The following article provides scripture references for Jesus's comments regarding the flood. In addition, it lists several evidences for the flood and refutes the claim that it was only a local flood.
Was the flood global?
The apostle Peter in 2 Peter 3 even warned that people would assume that "all things continue as they were from the beginning of the creation" and thereby forget creation and the flood.
But again, what you think is irrelevant and likely incorrect. Who are we to guess or second-guess the infinitely complex reasoning of God. Just because it seems reasonable to you does not make it reasonable to God.

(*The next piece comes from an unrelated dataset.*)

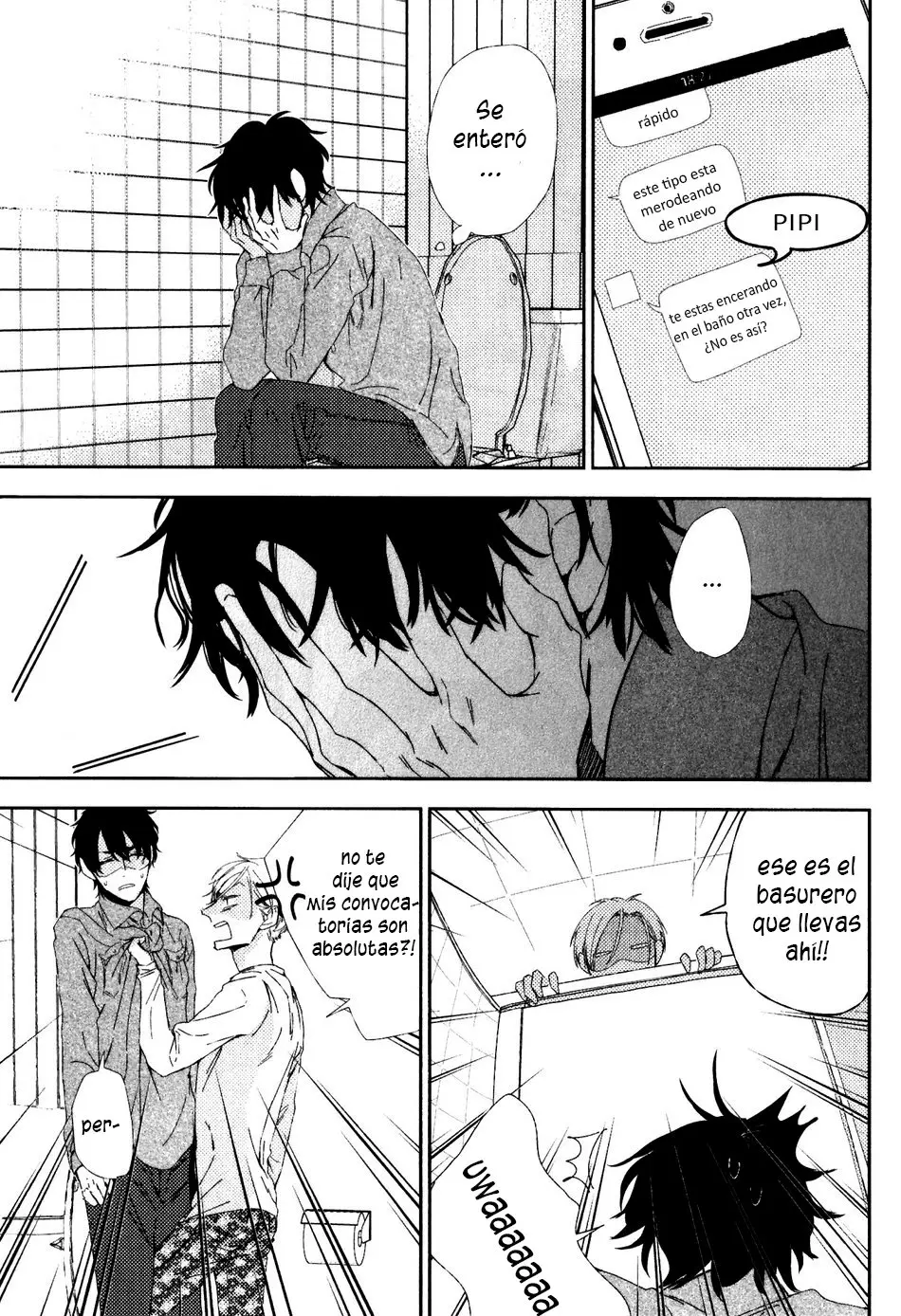 Ore no shitsuketa doutei-chan (2014) - Capítulo 4 - Página 25 - LectorTMOo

Any geologist can quickly recognize that this rock is not from wood and is not related in any way to an 'ark'.
I'm sure there are perfectly logical reasons for finding a 400-foot long boat 15,000 feet above sea level. (/sarcasm, I think)

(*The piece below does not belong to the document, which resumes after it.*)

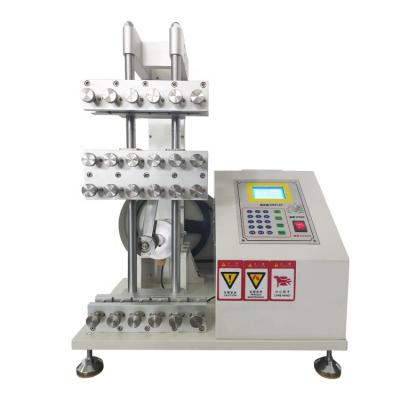 China Darsen ISO 6943 Demattia rubber sag fatigue tester, 154*25 Â ± 1* 6.3Â ± 0.15mm for sale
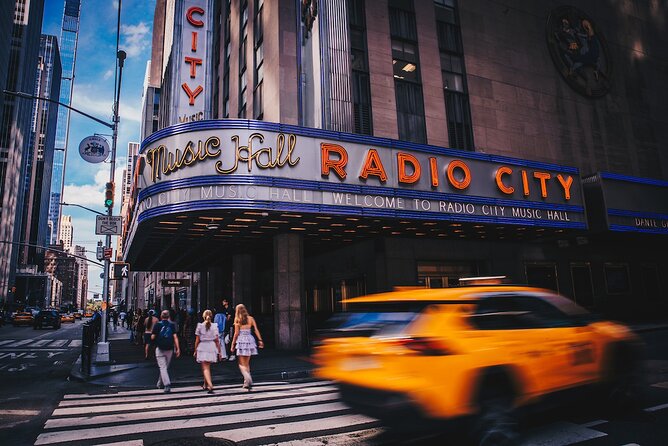 Radio City Music Hall Tour Experience - Why Radio City deserves more than a show ticket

I posted some articles in this thread on rapid petrification of wood. But I don't claim that the conditions on the mountain mimic the conditions necessary for rapid petrification.

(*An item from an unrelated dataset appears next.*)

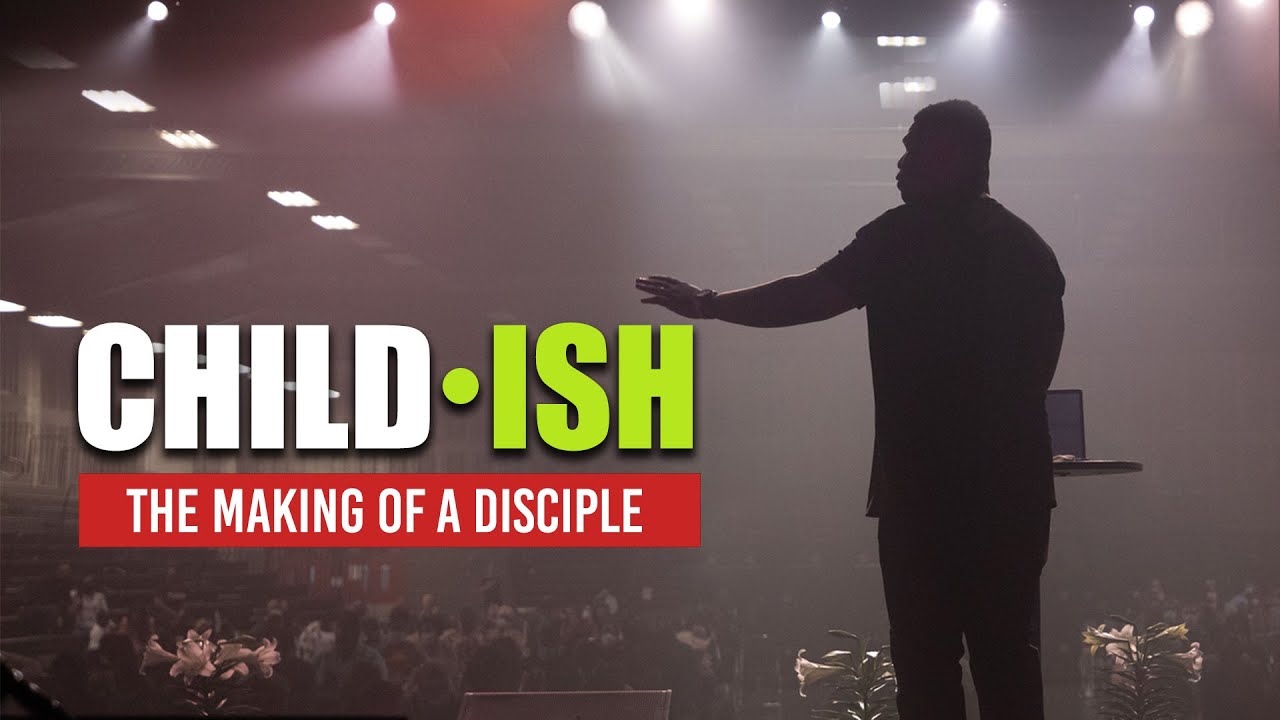 The Making of a Disciple | Part 4 | Sunday, April 25, 2021 - YouTube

If they really did find petrified wood up there, then there are only three possibiliities. Either the wood petrified in place up there by some process. Petrified wood was carried up there. Or the wood was petrified prior to that rock being elevated to mountain status.
If a nail you're seeing is just a tiny bit below and to the left of dead center, I don't believe that's a nail, but I'm not sure what it is.
If you go the article linked in post 15, you find that they had a geologist with them who said the following...
Reg Lyle, oil and gas geologist said the object appears to be a basalt dike, however, it is absolutely uncanny that the object looks like hand hewn timbers, even the grain and color look just like petrified wood .I really need to keep an open mind about this.
But they are also reporting that tests run on the samples of the rock they brought back are showing it to be petrified wood.
*She is the sole evidence supporting the hopeful monster theory
A basalt dike, eh? Well, this would be the first basalt dike ever seen with stratification and layering!
Basalt is igneous in origin; this is a metamorphosed sedimentary rock formation. And if you were to follow it back in the mountainside, it would extend far longer than any imaginable ark, for 1000's of yards, maybe miles.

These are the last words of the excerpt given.